JOHN: He changed over the years. In 1959 and '60, when I first knew him, he was very stiff, very awkward, not at all comfortable with himself, and made a less than genial forthcoming appearance on television. in person, he could be very effective; he could also be very ineffective. I remember a picture that appeared in Life Magazine - he was shaking hands along an airport fence, a big crowd had come to see him; and the photographer caught him looking at his watch: you see he was shaking hands with somebody, and he was concerned about his schedule and really didn't care about the people, is what that picture said. I think that that, the problem that year was that he ran his own campaign; he decided where he would go, what his schedule would be, and so on - and he simply was not very good at that.

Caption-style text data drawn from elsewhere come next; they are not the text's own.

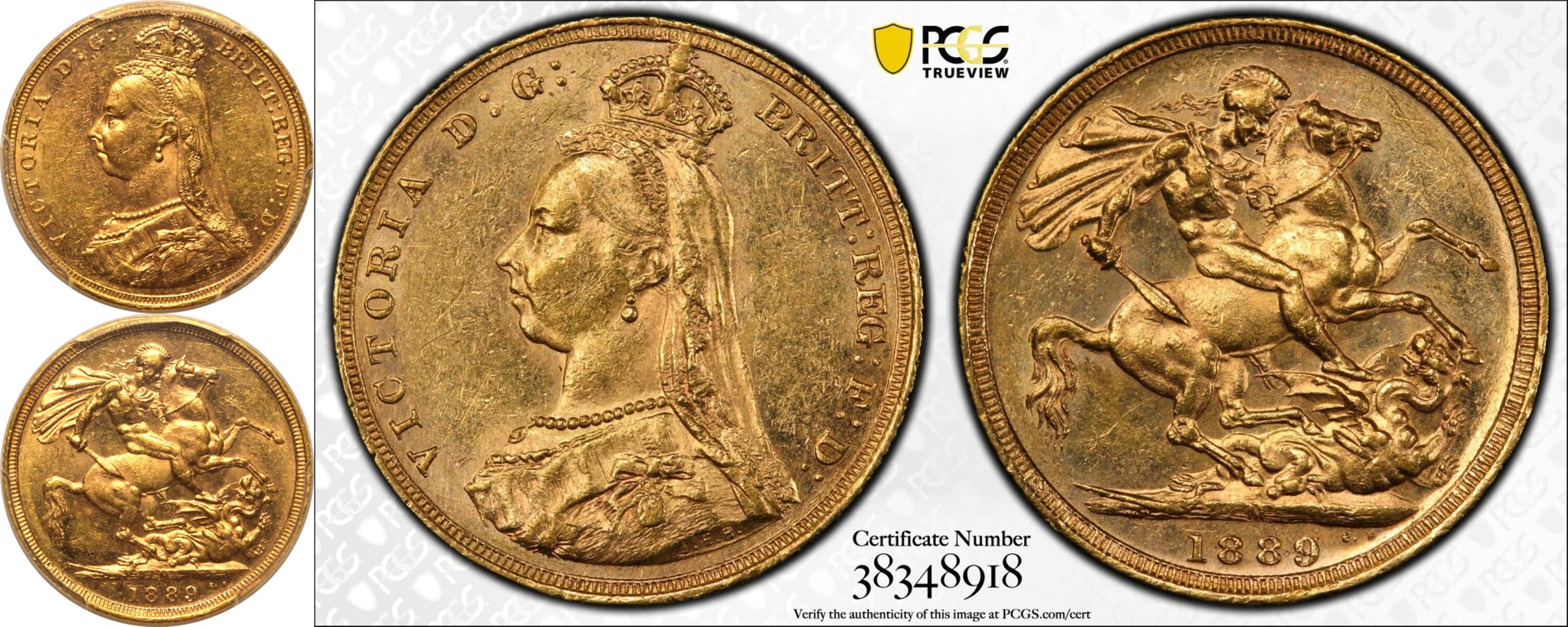 1889 M Gold Sovereign First Legend Bentley Collection PCGS MS61 - Image 5 of 5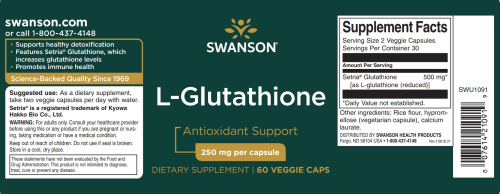 L-Glutathione 250 mg (L-Глутатион 250 мг) 60 вег капсул (Swanson) фото 3
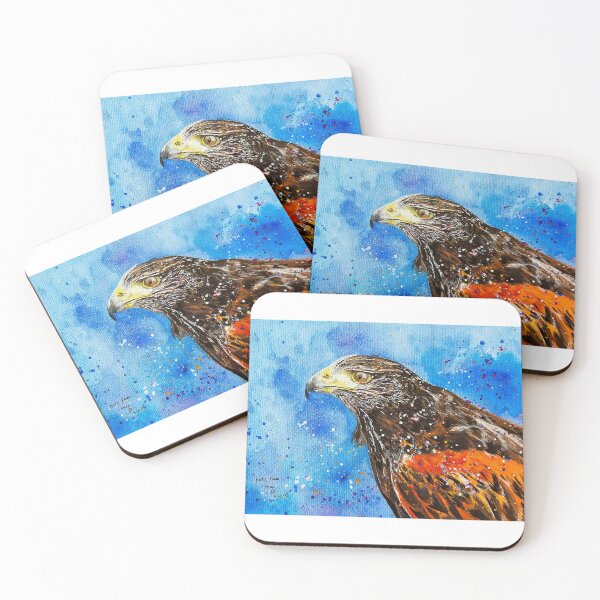 Item preview, Harris hawk watercolour painting  designed and sold by AderynValentine.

INT: He was regarded by many as a quintessential Cold War politician: is that tr?

JOHN: I think so. I think he was very concerned about thSoviets and the Chinese, as international rivals. and he joined the, he joined the battle, he took them on, and after he became President, particularly - he spent a lot of his time in consultations with Henry Kissinger and others in the administration, about what to do about the Russians, what to do about the Chinese; and of course he decided to create a détente with the Chinese, as a counterbalance to the Russians - and that whole thing was a pre-occupation with him for a long time.

INT: In the 1950s he was seen as almost as the head of the posse, hunting down communists at home.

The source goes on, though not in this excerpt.